Notes for Kendrick, Mercado and Amman's 2006 Princeton University Press book:
This is a pedagogical book with a lovely idea at the core: teach standard micro and macroeconomic models and principles using computer programs like Excel, Mathematica, MATLAB, and others.
The book takes us through a series of simple and well known examples, using student's familiarity with the textbook models as a foil to show the usefulness and extensibility of the computational approach.
So, we see partial equilibrium analysis and game theory in Mathematica, Derivatives analysis and genetic algorithms in MATLAB, and CGE models in GAMS as well as other programming languages. Throughout students are encouraged to go it alone by modifying the authors' code (which is itself a point of interesting pedagogy, see this Journal of Economic Education article for more)
The bits of the book which are most interesting for me are the Mathematica and Excel chapters on Growth, Game Theory, and Partial Equilibrium analysis.
Each chapter follows the same structure.
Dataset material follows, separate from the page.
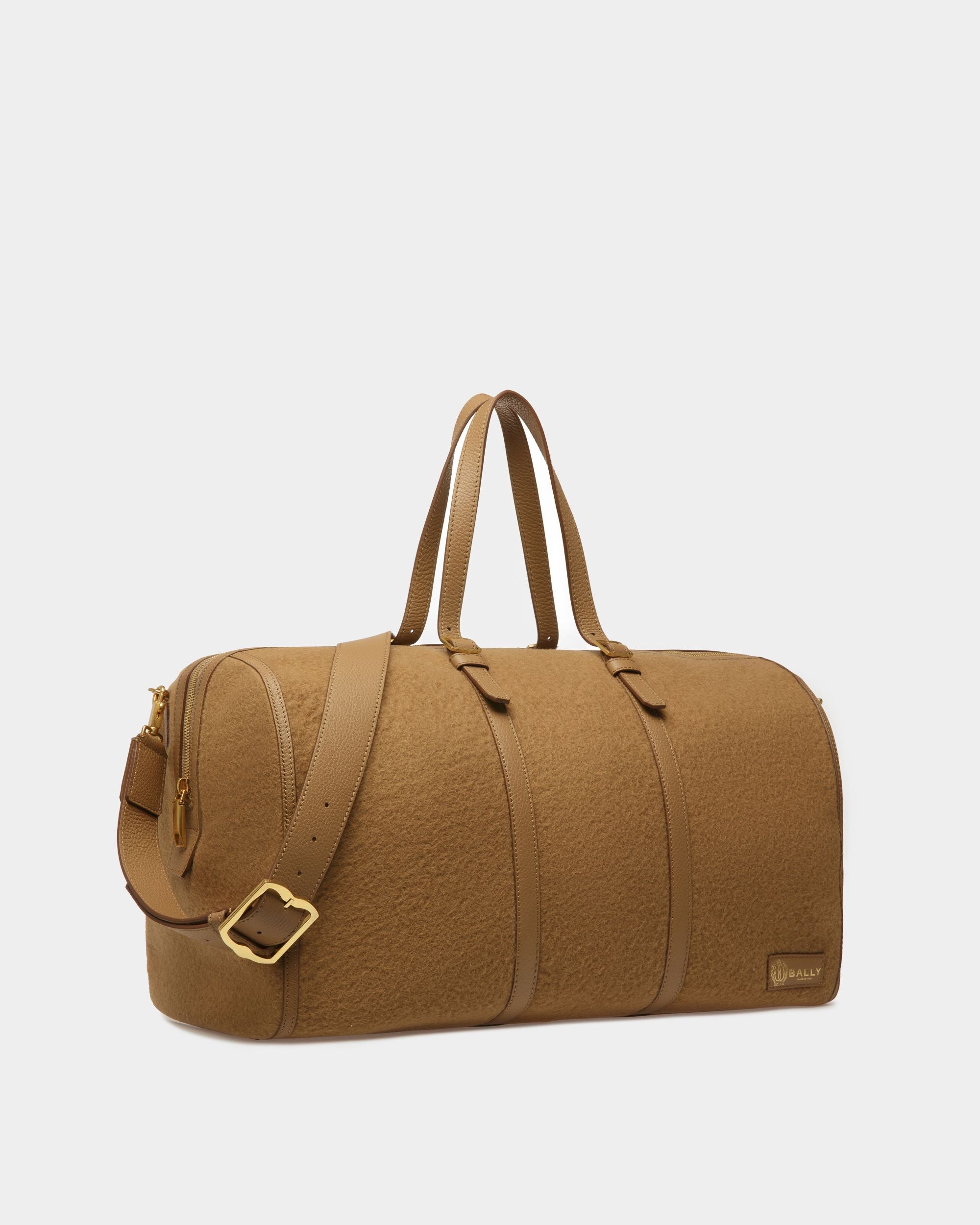 Sac De Week-End Gare En Tissu Et Cuir Camel - Homme - Bally - 03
For example, in the first real chapter, the authors give an Excel solver routine to solve the Neoclassical growth model in it's simplest form, as presented by, say, Romer in Advanced Macroeconomics. The exposition is clear and concise, and any student with some previous exposure to the mathematics will have no trouble fathoming the model's basics. Then we see the Excel implementation of the model, with links to the code for the model itself so students can use and modify the parameters and basic assumptions as they like. That code, by the way, is here.
The Mathematica notebooks all run well in Version 6.02, and the use of game theoretic concepts in a LISP-like environment such as Mathematica really makes it clear what a high level and extensible computer architecture Mathematica is. The work, really, is a precursor of the currently white-hot topic of Algorithmic Game Theory, even though the authors don't mean their work as such, just seeing the canonical models implemented in a computable set theoretic way (by definition, because it's on a computer) is a real step forward.
One thing I would have loved to see was a comparison of one model built in two different languages: how one would go about translating, say, an Eviews program to MATLAB, or something like that. Maybe I'll add that to the ideas list. Another idea to really sell the book would be to make each 'program' section of the book downloadable separately. Most institutions don't have blanket subscriptions to Mathematica, MATLAB, Eviews, GAUSS, TSP, Stata, etc, so by allowing readers to pick and choose by program, the authors might make themselves a few more shekels. Who knows?
So all in all, a very nice pedagogical book, and well worth purchasing for a library or graduate student interested in teaching computational economics. Glad I read it.